3. Public housing agency bonds issued on or prior to January 28, 1987, by agencies located outside Wisconsin where the interest from the bonds qualifies for exemption from federal income taxation for a reason other than or in addition to s. 103 of the internal revenue code.
Tax 3.095(4)(a)6.
6. Stripped general obligation bond certificates attributable to certain District of Columbia general obligation bonds issued on or prior to January 28, 1987, where the interest from the bonds qualifies for exemption from federal income taxation under section
1286 of the internal revenue code and D.C. Code Ann. 47-332.
Tax 3.095 Note
Note: Stripped general obligation bond certificates meeting the criteria of subd. 6. include Stripped Tax-Exempt Participations, or`STEPS.'
Tax 3.095(4)(a)7.
7. Virgin Island Housing Authority bonds issued on or prior to January 28, 1987, where the interest from the bonds qualifies for exemption from federal income taxation for a reason other than or in addition to section
103 of the internal revenue code.
Tax 3.095(4)(a)8.
8. WHEDA bonds issued on or prior to January 28, 1987, except business development revenue bonds, economic development revenue bonds and CHAP housing revenue bonds issued by WHEDA.
Tax 3.095(4)(a)10.
10. WHEDA bonds issued under s.
234.65, Stats., to fund an economic development loan to finance construction, renovation or development of property that would be exempt under s.
70.11 (36), Stats.
Tax 3.095(4)(a)12.
12. WHEDA bonds or notes issued under s.
234.08 or
234.61, Stats., on or after January 1, 2004, if the bonds or notes are issued to fund multifamily affordable housing projects or elderly housing projects.
Tax 3.095(4)(a)18.
18. Wisconsin Health and Educational Facilities Authority bonds or notes issued under s.

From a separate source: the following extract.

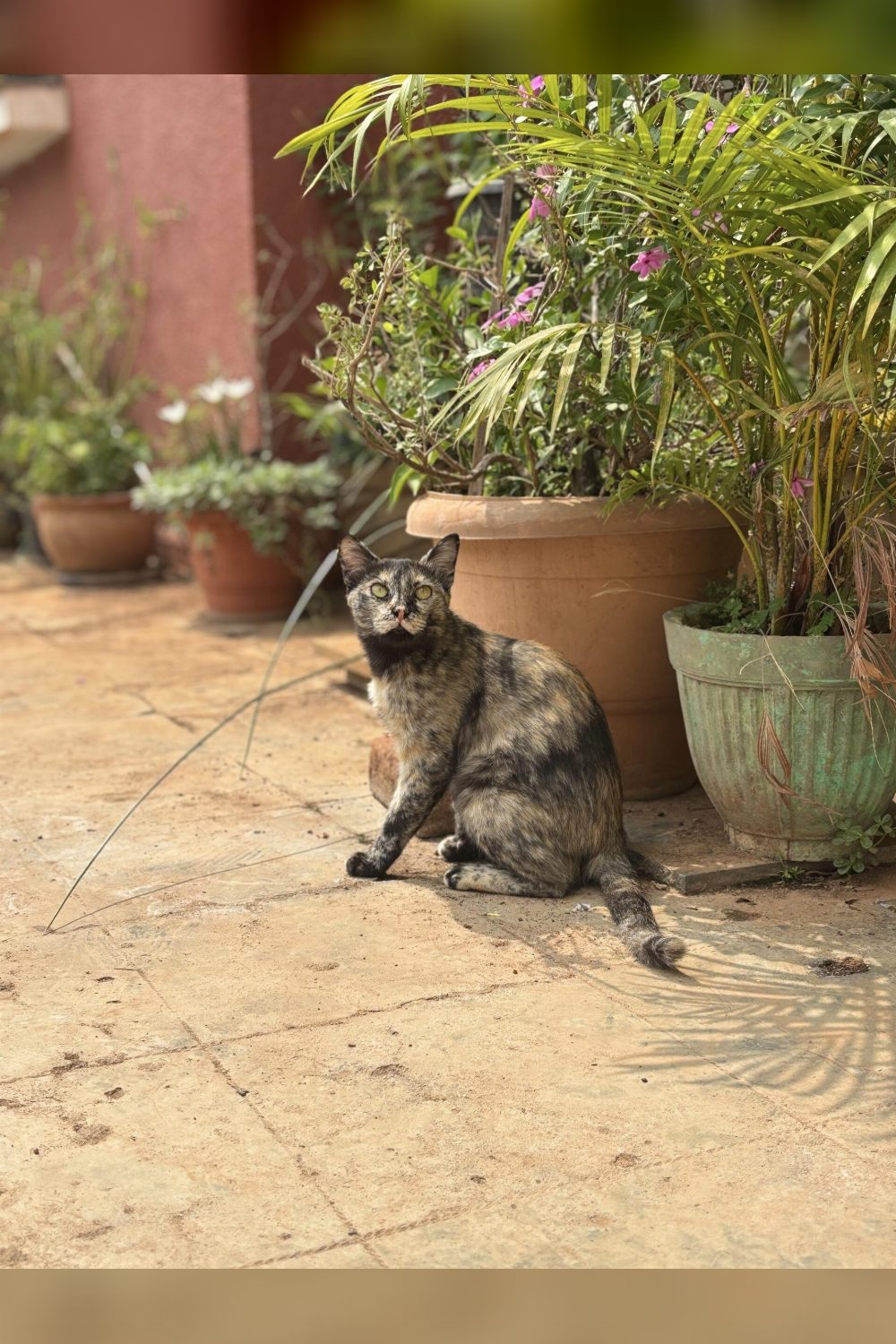 Adopt Ms Mary | 2yrs Female Tortie, Spayed cat | Bengaluru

231.03 (6), Stats., on or after October 27, 2007, if the proceeds from the bonds or notes that are issued are used by a health facility, as defined in s.
231.01 (5), Stats., to fund the acquisition of information technology hardware or software.
Tax 3.095(4)(a)19.
19. Bonds or notes issued by a commission created under s.

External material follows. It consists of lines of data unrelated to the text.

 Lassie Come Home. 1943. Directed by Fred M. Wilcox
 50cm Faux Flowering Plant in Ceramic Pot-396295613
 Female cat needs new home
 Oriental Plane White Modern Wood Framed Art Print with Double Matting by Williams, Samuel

66.0304, Stats., if any of the following applies:
Tax 3.095(4)(a)19.a.
a. The bonds or notes are used to fund multifamily affordable housing projects or elderly housing projects in this state, and WHEDA has the authority to issue its bonds or notes for the project being funded.
Tax 3.095(4)(a)19.b.
b. The bonds or notes are used by a health facility, as defined in s.
231.01 (5), Stats., to fund the acquisition of information technology hardware or software, in this state, and the Wisconsin Health and Educational Facilities Authority has the authority to issue its bonds or notes for the project being funded.
Tax 3.095(4)(a)19.c.
c. The bonds or notes are issued to fund a redevelopment project in this state or a housing project in this state, and the authority exists for bonds or notes to be issued by an entity described under s.
66.1201,
66.1333, or
66.1335, Stats.
Tax 3.095(4)(a)20.
20. WHEDA bonds or notes, if the bonds or notes are issued to provide loans to a public affairs network under s.
234.75 (4), Stats.
Tax 3.095(4)(a)21.
21. WHEFA bonds or notes, if the bonds or notes are issued for the benefit of a person who is eligible to receive the proceeds of bonds or notes from another entity for the same purpose for which the bonds or notes are issued and the interest income received from the other bonds or notes is exempt from taxation under subch.
I of ch. 71, Stats.
Tax 3.095 Note
Note: Under par. (a), interest and dividends payable on certain securities issued on or before January 28, 1987, is exempt from Wisconsin income tax. This is because prior to enactment of
1987 Wis. Act 27, which amended s. 71.05 (1) (a) 1., 1985 Stats., effective with securities issued after January 28, 1987, no modification was provided to add to federal adjusted gross income interest and dividends which were excludable from federal adjusted gross income for any reason other than or in addition to s. 103 of the internal revenue code. Section 71.05 (1) (a) 1., 1985 Stats., was renumbered s. 71.05 (6) (a) 1., Stats., by
1987 Wis. Act 312, effective January 1, 1989.
Tax 3.095(4)(b)3.
3. Bank repurchase agreements for U.S. Government treasury bills, notes and bonds, if interest is paid by the federal government directly to the taxpayer.